Fan X, Liu J, Tang H, Jin Y, Wang D B
State Key Laboratory of Molecular Biology, Shanghai Institute of Biochemistry, Chinese Academy of Sciences, 320 Yue-yang Road, Shanghai, 200031, People's Republic of China.
Anal Biochem. 2000 Dec 1;287(1):95-101. doi: 10.1006/abio.2000.4817.
The PyPuPu and PyPuPy intermolecular triple-stranded DNA (tsDNA) can be determined more easily by capillary electrophoresis (CE) than by traditional methods. The tsDNA and its component compounds can be well separated by using a sieving matrix of 1.0% hydroxypropylmethylcellulose (HPMC) containing 2.5 mM magnesium ions. Such factors as buffer pH, the concentration of triplex-forming oligonucleotide (TFO), temperature, and the concentration of magnesium cation in the formation and stabilization of triple-stranded helices have been studied with capillary electrophoresis. The triplex cannot be formed when the buffer pH is lower than 4.0. When the concentration of TFO is four times higher than that of dsDNA, all of the dsDNA molecules can be associated. The limit of capillary electrophoresis detection with good reproducibility is 0.5-1 nM (S/N = 3). The CE analysis of short tsDNA takes only 40 min, whereas gel electrophoresis needs at least 5 h.

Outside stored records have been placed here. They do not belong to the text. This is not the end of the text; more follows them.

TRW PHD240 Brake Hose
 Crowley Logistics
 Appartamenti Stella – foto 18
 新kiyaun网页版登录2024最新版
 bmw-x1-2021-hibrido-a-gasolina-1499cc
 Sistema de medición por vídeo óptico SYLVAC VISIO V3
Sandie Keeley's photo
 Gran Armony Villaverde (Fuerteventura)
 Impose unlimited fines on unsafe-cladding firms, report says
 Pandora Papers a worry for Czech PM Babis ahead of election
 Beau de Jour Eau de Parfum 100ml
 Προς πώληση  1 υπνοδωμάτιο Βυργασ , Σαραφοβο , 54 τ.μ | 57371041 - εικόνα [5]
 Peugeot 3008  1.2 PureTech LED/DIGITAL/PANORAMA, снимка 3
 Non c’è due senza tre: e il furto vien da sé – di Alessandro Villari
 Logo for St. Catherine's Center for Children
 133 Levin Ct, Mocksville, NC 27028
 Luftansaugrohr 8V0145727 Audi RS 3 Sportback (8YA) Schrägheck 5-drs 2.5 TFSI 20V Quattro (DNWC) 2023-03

与传统方法相比,通过毛细管电泳(CE)可以更轻松地测定PyPuPu和PyPuPy分子间三链DNA(tsDNA)。使用含有2.5 mM镁离子的1.0%羟丙基甲基纤维素(HPMC)筛分基质,可以很好地分离tsDNA及其组成化合物。利用毛细管电泳研究了缓冲液pH值、三链形成寡核苷酸(TFO)浓度、温度以及镁阳离子浓度等因素在三链螺旋形成和稳定过程中的作用。当缓冲液pH值低于4.0时,无法形成三链体。当TFO浓度比双链DNA高四倍时,所有双链DNA分子都可以缔合。具有良好重现性的毛细管电泳检测限为0.5-1 nM(信噪比=3)。短tsDNA的CE分析仅需40分钟,而凝胶电泳至少需要5小时。